28 June, 2012

The Pleasures of Being Home - Painting

 Some recent oil paintings. The elephant reminds me of a horrible accident that took place in India a few years ago where a train killed 7 elephants.

Broken Flower

Broken Flower

Elephant Memories

Unsorted

A Gondal Scene

The Painting Life

03 June, 2012

To Belong

Recently, I have been struggling with a deep desire. The desire 'to belong'. The strength of this urge within me reminds me of the relentlessness of the existence of gravity. Feeling the pull of the earth beneath my feet through its rapid, rotational, roamings, and the restlessness of my life form, seem to inexorably pervade my reality. What crude, hippified words does this desire coerce me into using to express what I wish to belong to?

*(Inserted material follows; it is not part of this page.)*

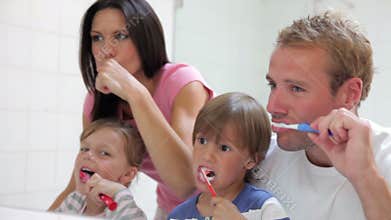 Family Reflected In Bathroom Mirror Brushing Teeth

To Belong to a natural space that I am absorbed by
To Belong to a project (despite its futile-passion tendencies)
To Belong to an Environmental NGO or respectable Environmental thinker
To Belong to a community (that values my values)
To Belong to a lover (preferably mine)

What can I make of this desire? Let me start with its history. Is it new? Not really. You probably heard me drifting through the corridors singing, 'I am displaced, I am displaced...' by Azure Ray. How about psycho-analysing this feeling? Perhaps its another ego trip. 'Am I not special? Where is that place where I can find my dreamland, where I am the center, and will remain the center forever?' This may be partially true, undeniably. But I am not fully convinced.

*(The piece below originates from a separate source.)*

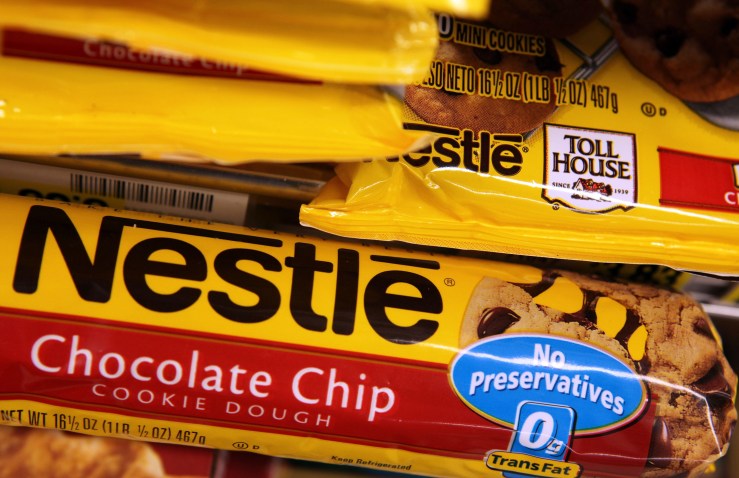 Chocolate chip cookie dough in yellow and red packaging, with the label "Nestle," is featured.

What does it really mean to belong? Our helpful dictionary points us in one direction, "To be in its right place." This reminds me of Adrienne Rich's Politics of Location. To Rich, I am not merely a woman and identified so. But rather I belong to and I am created by the geography, race, caste, sex, political scenario, economic background, caste, facticity (things I cannot change about myself) etc. I suppose these make me and I am made by them. Perhaps I do not feel a sense of belonging, do not truly understand my politics of location because I have been lost in the sky of the abstract. A world of abstract ideas and concepts, where I became oblivious to even my being immanently an Indian and a woman. Feeling like a balloon trapped in an unclosed, container, I have floated away into the sky. Perhaps to escape unfathomable personal experiences.

There is also another sense to this urge to belong. It is a need to blend in, for the sake of others and myself, to create, to communicate. To become a community that cares. Carol Lee Flinders in her book, Values of Belonging explores the value system of human communities before agriculture and the system that has developed in the post-agricultural world. The hunter-gather lifestyle was dependent wholly on the values of belonging to your community which included not just your clan members but nature itself which was not separate the way we perceive it to be now. This is the sense in which I wish to belong as well.

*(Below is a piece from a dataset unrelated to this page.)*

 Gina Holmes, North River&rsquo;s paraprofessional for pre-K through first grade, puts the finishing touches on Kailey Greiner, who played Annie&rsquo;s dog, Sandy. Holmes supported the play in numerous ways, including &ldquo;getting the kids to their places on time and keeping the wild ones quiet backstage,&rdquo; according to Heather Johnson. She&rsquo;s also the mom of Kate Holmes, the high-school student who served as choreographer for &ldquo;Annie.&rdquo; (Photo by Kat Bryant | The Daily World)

Every damn thing within the ecological systems of the earth have their functional part. What is my part? How can I belong if I do not know my role or the habits I must cultivate to fit into my role? This is how I wish to belong.

Wise words from my mother when I expressed this need to belong;
"Everybody has a time in their life when they feel this urge, this desire, to belong. It is very important during this time to find something/someone you belong to. In time these things change and rigidity begins to creep in. Sometimes it is having a child that quenches this need for belonging because you find someone you want to live for. Rather than they belong to you, you belong to them."

Hmm... time to make 10 children. That makes me belong 9 times more than if I just had 1. Bah! No. Nein. Nahi.

I am going to do nothing for a while and see if belongingness finds me. If I am not lucky enough, can I create the belonged world for me? Perhaps.